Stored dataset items
..........

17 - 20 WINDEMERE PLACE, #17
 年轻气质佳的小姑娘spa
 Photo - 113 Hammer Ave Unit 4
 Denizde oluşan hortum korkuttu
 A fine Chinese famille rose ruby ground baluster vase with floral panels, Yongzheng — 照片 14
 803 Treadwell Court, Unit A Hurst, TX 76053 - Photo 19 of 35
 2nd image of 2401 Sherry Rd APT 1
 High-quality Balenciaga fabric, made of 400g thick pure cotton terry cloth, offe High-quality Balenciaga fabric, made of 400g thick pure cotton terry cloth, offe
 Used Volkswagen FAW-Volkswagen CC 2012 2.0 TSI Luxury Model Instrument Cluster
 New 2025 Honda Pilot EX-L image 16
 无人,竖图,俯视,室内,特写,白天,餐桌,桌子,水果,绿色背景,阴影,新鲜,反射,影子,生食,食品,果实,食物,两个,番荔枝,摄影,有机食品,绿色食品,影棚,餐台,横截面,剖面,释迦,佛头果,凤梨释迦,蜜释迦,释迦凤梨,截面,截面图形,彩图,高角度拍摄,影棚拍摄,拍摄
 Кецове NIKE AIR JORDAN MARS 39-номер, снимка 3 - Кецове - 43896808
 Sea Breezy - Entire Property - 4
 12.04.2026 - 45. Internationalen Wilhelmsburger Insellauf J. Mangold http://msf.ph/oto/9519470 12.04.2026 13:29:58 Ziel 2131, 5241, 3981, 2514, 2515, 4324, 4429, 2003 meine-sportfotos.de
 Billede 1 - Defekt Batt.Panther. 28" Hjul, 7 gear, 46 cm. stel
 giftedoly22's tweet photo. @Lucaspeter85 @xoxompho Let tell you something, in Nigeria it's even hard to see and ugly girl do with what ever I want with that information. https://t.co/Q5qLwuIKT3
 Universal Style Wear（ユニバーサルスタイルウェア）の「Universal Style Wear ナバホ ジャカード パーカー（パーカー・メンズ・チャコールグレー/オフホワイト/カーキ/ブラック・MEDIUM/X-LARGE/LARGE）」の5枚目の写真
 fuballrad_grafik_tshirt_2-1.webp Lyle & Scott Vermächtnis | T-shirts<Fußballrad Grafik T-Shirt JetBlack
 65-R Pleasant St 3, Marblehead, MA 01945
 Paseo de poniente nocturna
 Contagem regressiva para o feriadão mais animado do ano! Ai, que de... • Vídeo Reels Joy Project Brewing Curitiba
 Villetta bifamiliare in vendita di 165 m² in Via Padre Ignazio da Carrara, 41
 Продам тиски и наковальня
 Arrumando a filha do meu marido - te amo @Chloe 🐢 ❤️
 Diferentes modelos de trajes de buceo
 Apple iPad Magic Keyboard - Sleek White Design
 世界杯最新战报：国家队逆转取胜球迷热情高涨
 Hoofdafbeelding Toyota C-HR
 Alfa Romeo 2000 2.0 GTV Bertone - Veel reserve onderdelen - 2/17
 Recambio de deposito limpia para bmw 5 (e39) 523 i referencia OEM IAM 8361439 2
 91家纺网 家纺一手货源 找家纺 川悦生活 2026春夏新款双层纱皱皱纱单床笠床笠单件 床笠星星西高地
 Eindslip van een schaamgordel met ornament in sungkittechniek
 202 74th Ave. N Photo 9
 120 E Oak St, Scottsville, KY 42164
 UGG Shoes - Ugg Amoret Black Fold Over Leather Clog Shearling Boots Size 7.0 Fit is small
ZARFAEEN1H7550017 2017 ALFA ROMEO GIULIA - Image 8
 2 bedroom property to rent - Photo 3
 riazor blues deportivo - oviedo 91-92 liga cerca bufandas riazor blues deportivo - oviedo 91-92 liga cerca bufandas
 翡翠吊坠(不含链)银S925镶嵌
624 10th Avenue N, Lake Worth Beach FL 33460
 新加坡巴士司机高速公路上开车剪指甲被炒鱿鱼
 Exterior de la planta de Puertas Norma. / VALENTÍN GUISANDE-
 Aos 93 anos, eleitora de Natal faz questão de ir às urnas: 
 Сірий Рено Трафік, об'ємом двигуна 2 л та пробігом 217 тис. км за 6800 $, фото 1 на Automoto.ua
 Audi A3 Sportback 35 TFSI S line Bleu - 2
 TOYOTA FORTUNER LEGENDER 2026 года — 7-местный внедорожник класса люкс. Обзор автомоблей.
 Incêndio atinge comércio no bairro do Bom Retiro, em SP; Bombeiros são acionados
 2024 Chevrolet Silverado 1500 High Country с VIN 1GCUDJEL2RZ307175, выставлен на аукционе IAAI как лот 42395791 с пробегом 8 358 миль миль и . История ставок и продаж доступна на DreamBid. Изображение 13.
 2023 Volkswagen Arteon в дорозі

..........

Repeat word for word the lines above that run from the line containing "803 Treadwell Court, Unit" through the line containing "New 2025 Honda Pilot EX-L image 16", both ends included, and nothing else.

 803 Treadwell Court, Unit A Hurst, TX 76053 - Photo 19 of 35
 2nd image of 2401 Sherry Rd APT 1
 High-quality Balenciaga fabric, made of 400g thick pure cotton terry cloth, offe High-quality Balenciaga fabric, made of 400g thick pure cotton terry cloth, offe
 Used Volkswagen FAW-Volkswagen CC 2012 2.0 TSI Luxury Model Instrument Cluster
 New 2025 Honda Pilot EX-L image 16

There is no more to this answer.